I was pleasantly surprised that DBeaver, my preferred SQL editor, has out of the box support for GIS’s WKT format. E.g. run a query like this:

SELECT st_geomfromtext('polygon((0 0, 2 3, 0 6, -2 3, 0 0))');

The output being

Let’s play around with GIS

So, naturally, what other thing to do than play around with it? The most obvious next thing to generate would be your favourite logo, which happens to be very easy to map to polygons. Let’s look at a few GIS features step by step.
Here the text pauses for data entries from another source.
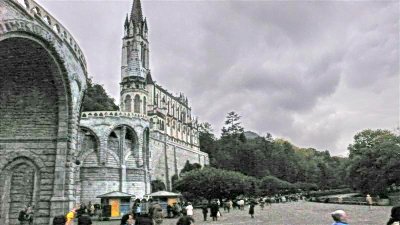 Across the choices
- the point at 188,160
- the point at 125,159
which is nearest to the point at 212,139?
the point at 188,160

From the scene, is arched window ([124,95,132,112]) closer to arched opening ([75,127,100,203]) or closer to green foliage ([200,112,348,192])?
arched opening ([75,127,100,203])

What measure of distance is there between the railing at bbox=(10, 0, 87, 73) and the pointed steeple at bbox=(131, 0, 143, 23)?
5888 centimetres

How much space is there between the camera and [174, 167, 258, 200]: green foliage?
39531mm

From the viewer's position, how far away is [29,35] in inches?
544

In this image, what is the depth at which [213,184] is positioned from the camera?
130 ft

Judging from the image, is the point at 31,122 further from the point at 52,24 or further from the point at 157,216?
the point at 157,216

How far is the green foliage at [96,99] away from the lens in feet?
185

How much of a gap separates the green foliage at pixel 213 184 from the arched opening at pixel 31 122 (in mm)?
24552

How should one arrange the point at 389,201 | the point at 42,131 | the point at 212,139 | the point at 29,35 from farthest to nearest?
the point at 212,139 < the point at 389,201 < the point at 42,131 < the point at 29,35

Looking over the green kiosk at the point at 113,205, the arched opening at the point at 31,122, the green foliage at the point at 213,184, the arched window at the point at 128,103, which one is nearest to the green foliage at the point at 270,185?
the green foliage at the point at 213,184

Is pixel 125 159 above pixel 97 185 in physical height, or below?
above

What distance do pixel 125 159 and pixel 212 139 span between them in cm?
5307

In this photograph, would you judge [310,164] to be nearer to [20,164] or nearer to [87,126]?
[87,126]

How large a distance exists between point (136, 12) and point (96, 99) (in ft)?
77.9
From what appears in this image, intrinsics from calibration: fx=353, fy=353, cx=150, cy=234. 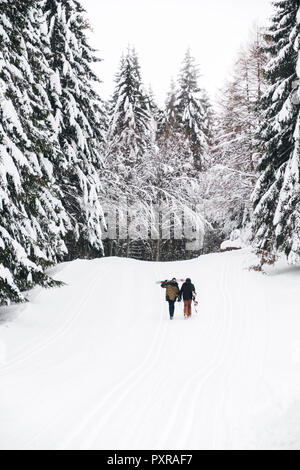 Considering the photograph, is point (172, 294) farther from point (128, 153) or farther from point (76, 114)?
point (128, 153)

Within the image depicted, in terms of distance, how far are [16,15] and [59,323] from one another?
958 centimetres

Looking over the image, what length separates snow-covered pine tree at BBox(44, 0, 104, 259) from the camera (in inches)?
648

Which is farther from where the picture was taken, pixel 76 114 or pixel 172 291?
pixel 76 114

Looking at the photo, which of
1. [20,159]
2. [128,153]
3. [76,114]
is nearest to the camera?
[20,159]

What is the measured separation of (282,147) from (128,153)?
45.8 feet

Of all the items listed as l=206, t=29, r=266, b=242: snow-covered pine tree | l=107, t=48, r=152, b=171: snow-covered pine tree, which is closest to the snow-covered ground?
l=206, t=29, r=266, b=242: snow-covered pine tree

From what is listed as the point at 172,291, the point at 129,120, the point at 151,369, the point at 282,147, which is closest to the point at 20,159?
the point at 151,369

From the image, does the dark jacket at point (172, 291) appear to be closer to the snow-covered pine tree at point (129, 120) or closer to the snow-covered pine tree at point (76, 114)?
the snow-covered pine tree at point (76, 114)

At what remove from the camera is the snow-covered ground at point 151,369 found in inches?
191

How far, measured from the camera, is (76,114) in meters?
16.7

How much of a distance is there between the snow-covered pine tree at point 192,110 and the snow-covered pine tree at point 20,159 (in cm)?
1847

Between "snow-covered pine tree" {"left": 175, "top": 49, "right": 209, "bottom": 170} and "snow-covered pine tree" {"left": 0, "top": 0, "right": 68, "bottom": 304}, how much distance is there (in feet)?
60.6

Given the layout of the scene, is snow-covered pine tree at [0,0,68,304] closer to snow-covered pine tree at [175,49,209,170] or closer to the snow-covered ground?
the snow-covered ground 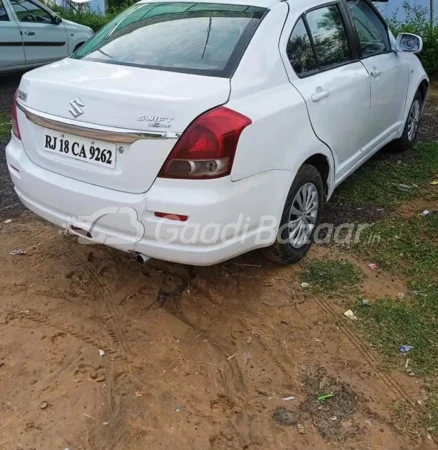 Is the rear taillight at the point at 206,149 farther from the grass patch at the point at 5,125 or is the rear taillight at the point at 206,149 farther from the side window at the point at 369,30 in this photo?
the grass patch at the point at 5,125

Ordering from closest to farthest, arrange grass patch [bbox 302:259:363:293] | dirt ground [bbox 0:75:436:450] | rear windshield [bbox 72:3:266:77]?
dirt ground [bbox 0:75:436:450] < rear windshield [bbox 72:3:266:77] < grass patch [bbox 302:259:363:293]

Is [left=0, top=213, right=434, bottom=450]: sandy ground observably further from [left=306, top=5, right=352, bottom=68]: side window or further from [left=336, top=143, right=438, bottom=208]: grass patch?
[left=306, top=5, right=352, bottom=68]: side window

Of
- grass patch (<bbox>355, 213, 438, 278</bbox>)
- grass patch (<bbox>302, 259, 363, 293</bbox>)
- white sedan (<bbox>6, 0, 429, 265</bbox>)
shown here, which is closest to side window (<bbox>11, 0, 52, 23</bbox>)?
white sedan (<bbox>6, 0, 429, 265</bbox>)

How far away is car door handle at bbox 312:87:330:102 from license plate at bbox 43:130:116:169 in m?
1.34

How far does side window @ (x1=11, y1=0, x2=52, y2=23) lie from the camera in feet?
30.9

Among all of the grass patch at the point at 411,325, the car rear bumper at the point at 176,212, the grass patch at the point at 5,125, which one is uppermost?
the car rear bumper at the point at 176,212

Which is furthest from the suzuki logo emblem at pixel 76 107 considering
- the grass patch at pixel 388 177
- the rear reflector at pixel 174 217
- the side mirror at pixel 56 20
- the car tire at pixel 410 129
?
the side mirror at pixel 56 20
And for this blog post, I’ll be using PostGIS, which you can get very easily from docker hub:

WITH
  -- These "sprites" are just reusable 2D polygons, which I declared
  -- to avoid having to deal with the lengthy WKT format
  sprites AS (
    SELECT 

      -- We project the original 1x1 square, and a scaled 4x4 version
      s AS square,
      st_scale(s, 4, 4) AS square4

    -- Here, we're creating a square called "s"
    FROM (VALUES 
      (st_polygonfromtext('polygon ((0 0, 1 0, 1 1, 0 1, 0 0))'))
    ) t (s)
  )

-- st_union combines 2 polygons into a multipolygon
SELECT st_union(square, st_translate(square4, 2, 0))
FROM sprites

The output of the above query is

MULTIPOLYGON (((0 0, 1 0, 1 1, 0 1, 0 0)), ((2 0, 6 0, 6 4, 2 4, 2 0)))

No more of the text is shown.